State police assigned to the investigation into the Dec. 14 Sandy Hook Elementary School massacre abruptly canceled speaking engagements in California and Texas scheduled for this week and have been ordered to focus on finishing the much-anticipated report on the shooting that left 20 first-graders and six women dead.
Three state police officials were scheduled to be keynote speakers at conferences at Disneyland in Anaheim and in Dallas on Wednesday and Thursday of this week, but canceled both appearances. A Newtown officer will be speaking in Dallas about the department's initial response to the school shooting.
Two weeks ago, The Courant reported that state police and Newtown police were traveling throughout the country to discuss details of the shooting response at conferences from Maine to Las Vegas while releasing little information publicly in Connecticut.
At that time, Gov. Dannel P. Malloy and Danbury State's Attorney Stephen Sedensky defended the travel, saying that police were not discussing details of the investigation and that the traveling was not slowing down the probe.
Since that story appeared, Malloy's chief of staff, Mark Ojakian, met with state police officials and told them "to be more deliberative" in choosing whether to attend any of the conferences to discuss the Sandy Hook investigation.
After that meeting, state police officials not only canceled appearances at the two conferences, but also took the unusual step of freeing up the Western District Crime Squad to work solely on the Sandy Hook shooting report. That crime squad is in charge of the police investigation into the massacre.
The state police's two other crime squads will split duties in handling any new criminal cases that might come up in the next few weeks in the Western District, sources said.
Sedensky had originally said that he hoped the report could be done by the end of June. He has since said it will be completed by the fall.

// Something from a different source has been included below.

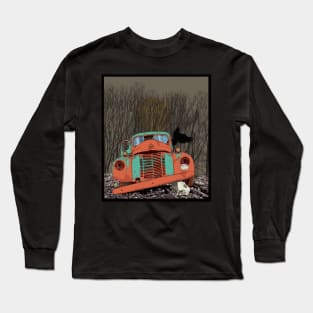 Rusted speedwagon truck, wolf skull and raven Long Sleeve T-Shirt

Lt. David Delvecchia, who heads the Western District Crime Squad, and Lt. William Baldwin, head of the Central District Crime Squad, were scheduled to speak at the Association of Threat Assessment Professionals' annual conference at Disneyland on Wednesday.
The appearance was billed as one of the key events of the three-day conference. Their topic was to be "Active Shooters: Lessons from Sandy Hook and Beyond." The synopsis promised that they would offer a "review of the tragic events at Sandy Hook Elementary School to help law enforcement and schools prepare for catastrophic acts of violence."
The third speaker, FBI profiler Andre Simon, who sources said has been working with state police to build a profile of shooter Adam Lanza, is still scheduled to speak at the Disneyland conference. Lanza shot his mother before arriving at the school, where he killed himself.
Delvecchia and Sgt. Joshua Pattberg were originally listed as keynote speakers on Thursday at a conference in Dallas sponsored by the Dallas Children's Advocacy Center.
Their topic was supposed to be "Lessons Learned from the Sandy Hook Elementary School Shooting." On the advocacy center's Web page, the group's CEO writes: "We will again take you behind the scenes of many notable cases, such as the Sandy Hook Elementary School shooting, which details what happened in Newtown, Connecticut, on the day 20 children and six adults were murdered by Adam Lanza."
Organizers of the two conferences did not return calls Tuesday regarding the cancellations.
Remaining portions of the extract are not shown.